BMV to announce IPC rebalancing on March 6 — Volaris expected to replace Becle in the index sample effective March 23. Banorte analysts anticipate that the airline Volaris (VOLAR) will enter the index in place of Becle (CUERVO), whose ranking has slipped to 36th while Volaris advanced to 35th. The rebalancing arrives at a sensitive moment, with the index 4.52% below its 2026 high of 71,601 and analysts still projecting year-end targets between 73,000 and 73,500.
01 Market Snapshot
| Metric | Value | Change |
| S&P/BMV IPC Close | 68,379.42 | −2.91% |
| Session High | 70,456.18 | intraday peak |
| Session Low | 68,306.15 | intraday trough |
| Session Open | 70,362.09 | opened near prior close |
| USD/MXN (Close) | 17.72 | +0.80% |
| USD/MXN (FIX Banxico) | 17.6770 | determined Mar 5 |
| Banxico Rate | 7.00% | held Feb 5 (unanimous) |
| Fed Funds Rate | 3.50–3.75% | next cut: Jul 28–29 |
| S&P 500 | 6,869.50 | +0.78% |
| Mezcla Mexicana | $70.38 | Hormuz premium, rising |
| Brent Crude | $82.14 | Hormuz closed, day 5 |
| VIX | 23.57 | −9.2% |
| DXY | 99.01 | +0.68% |
02 Market Commentary
Thursday’s session on the BMV was a rout. The S&P/BMV IPC closed at 68,379.42 — down 2,048.61 points or 2.91% — in a broad-based selloff that contradicted the relief rally unfolding simultaneously on Wall Street. The session opened at 70,362 and lost altitude throughout the day, closing just 73 points above its intraday low of 68,306.15. The intraday range of 3.05% (high to low) was the widest since the Hormuz crisis began on March 1, and volume of 179.3 million shares confirmed that institutional sellers were driving the move.
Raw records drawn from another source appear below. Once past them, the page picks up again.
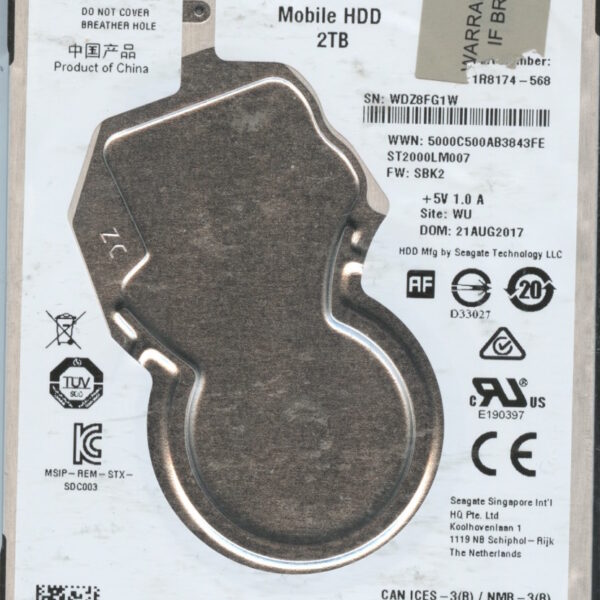 ST2000LM007 1R8174-568 SBK2 2TB HDD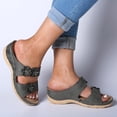 thumbnail image 1 of LSLJS Wedge Slide Slippers Women Ladies Outdoor Slippers Pearl Chain Soft Sole, 1 of 4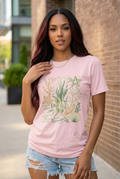 Sea Drawn Tee — Pink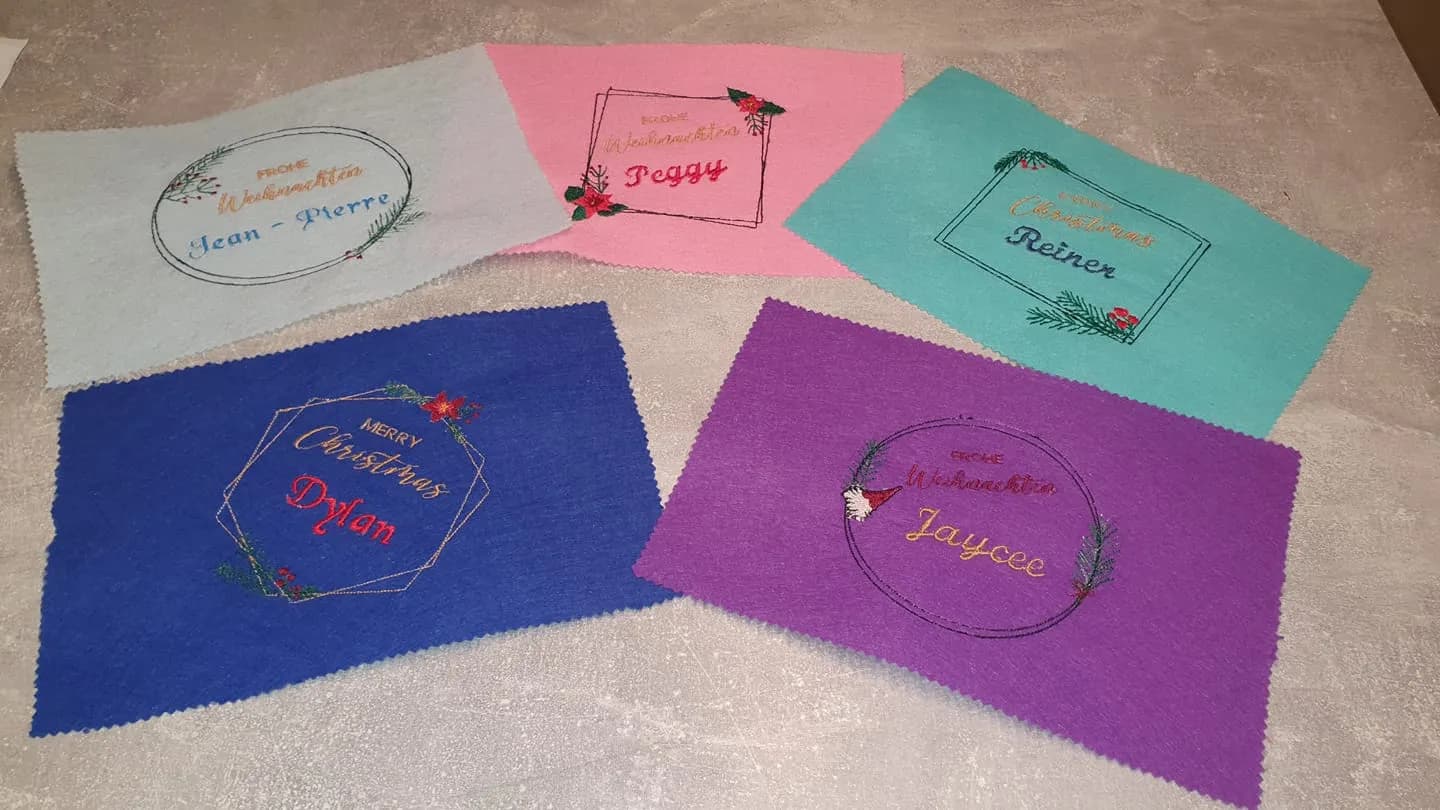 Stickdatei Weihnachten Rahmen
The divergence between Mexico and Wall Street is the session’s most important signal. While the S&P 500 gained 0.78% on the New York Times report of Iranian intelligence outreach to the CIA, the BMV sold off harder than on any single day this week. The explanation is structural, not geopolitical: Mexico’s equity market is repricing two domestic risks that the Iran diplomatic signal does not address. First, the peso’s slide to 17.72 per dollar — up nearly 3% in a week — is tightening financial conditions for import-dependent companies and raising the cost of dollar-denominated debt servicing. Second, the T-MEC renegotiation window, combined with lingering uncertainty over the 2026 tariff regime for Chinese goods transiting through Mexico, creates a structural overhang that distinguishes the BMV from its LatAm peers.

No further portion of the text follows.